Mayberry-McFarland Weekly News
for the week of March 5, 2018
Due Dates / Upcoming Events:
Monday, March 12: weekly reading logs due
Tuesday, March 13: Home Link is due
Wednesday, March 14: FULL DAY
Thursday, March 15: math journal pages are due / No Homelink
Friday, March 16: NO SCHOOL/no SpellingCity this week
Monday, March 12: weekly logs are due
Special Announcements
On Tuesday, March 13th, all 4th grade students will be participating in an Iditarod activity as part of the Adventure-Based Learning (ABL) program. Part of this event will be held OUTSIDE. Please be sure your child has the appropriate attire for this day, including hats, gloves, snow pants, jackets and boots.
*Chorus students will still be having their concert rehearsal from 1:00-3:00.
Looking for: empty cereal boxes and cardboard tubes. Please send these in, and we will gladly repurpose them. Thanks
Kindness Rocks
We are asking students to bring in 1 or 2 palm-size rock(s) with a nice flat surface for a special project in connection with the school’s upcoming Habitat for Humanity Walk on March 30th. Rocks are needed NLT March 20th.
Academic Updates
Writing Workshop
Students have chosen the stories that they’ll be writing their own literary essays about, and they have crafted strong thesis statements. Students have been annotating their copies of the stories, looking for evidence to support their thesis statements.
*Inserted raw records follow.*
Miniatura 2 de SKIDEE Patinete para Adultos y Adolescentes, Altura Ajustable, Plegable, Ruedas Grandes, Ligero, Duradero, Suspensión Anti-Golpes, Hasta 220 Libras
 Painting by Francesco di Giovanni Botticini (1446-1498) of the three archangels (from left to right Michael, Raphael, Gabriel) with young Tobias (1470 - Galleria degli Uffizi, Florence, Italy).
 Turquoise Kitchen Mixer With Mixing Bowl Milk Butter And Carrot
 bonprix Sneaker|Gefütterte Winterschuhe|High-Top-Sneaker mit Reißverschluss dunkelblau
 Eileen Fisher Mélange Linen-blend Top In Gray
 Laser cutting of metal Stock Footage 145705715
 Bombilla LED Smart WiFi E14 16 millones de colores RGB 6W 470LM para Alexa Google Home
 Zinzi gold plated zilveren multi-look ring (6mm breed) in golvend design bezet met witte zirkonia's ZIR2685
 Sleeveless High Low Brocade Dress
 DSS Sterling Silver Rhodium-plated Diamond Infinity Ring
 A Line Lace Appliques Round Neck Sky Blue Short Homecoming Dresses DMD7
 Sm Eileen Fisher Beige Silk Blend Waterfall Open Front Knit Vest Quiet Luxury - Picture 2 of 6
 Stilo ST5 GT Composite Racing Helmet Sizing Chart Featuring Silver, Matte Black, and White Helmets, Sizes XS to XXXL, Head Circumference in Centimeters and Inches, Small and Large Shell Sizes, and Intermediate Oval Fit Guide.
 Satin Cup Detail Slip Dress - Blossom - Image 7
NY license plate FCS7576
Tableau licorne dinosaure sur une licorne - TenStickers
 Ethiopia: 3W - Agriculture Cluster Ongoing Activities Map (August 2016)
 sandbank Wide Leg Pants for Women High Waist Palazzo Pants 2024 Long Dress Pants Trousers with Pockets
They’re underlining, using brackets to indicate a longer section of text, using arrows, and writing in the margins their ideas as to how the details connect to their thesis statements. This coming week, we will work on building solid boxes and bullets plans as the skeleton of the essay.
Reading Workshop
Mrs. Campbell and I have been collaborating to establish what independent work looks like and sounds like in our classroom; the students generated ideas, and they’ve been practicing working completely independently. This is an important aspect to our upcoming book club work, when I won’t be holding individual reading conferences; I’ll be meeting with clubs and will therefore expect students to be independent.
We have been practicing noticing details in books, determining what those details might tell us about the characters’ situations, and then asking ourselves, “What was it like to live in that time period?” Some ideas that students have generated are, “Many people didn’t have enough food,” “Girls were not educated,” and “People had to make tough choices.”
A higher-level concept that we are working on is identifying a theme of a text. We are trying to go beyond a “life lesson,” such as, “Being honest is important.” We already know that, right? So we are looking toward ONE word (sometimes two, less often, three) that represents a big idea. Some themes we’ve identified are bravery, choices, fear, and freedom.
Math
This week we worked on finding lines of symmetry and we did a lot of work with multistep number stories. Students took the end of unit assessment on Friday. You can anticipate seeing progress packets by the end of next week.
Theme
This week students continued to work on their scientist research project. They are using books and online resources to gather information for a final project. Building in student choice, each child will have the option to select one of four types of final projects. All of this ties into the new read aloud being shared with students titled, The Fourteenth Goldfish, by Jennifer Holm.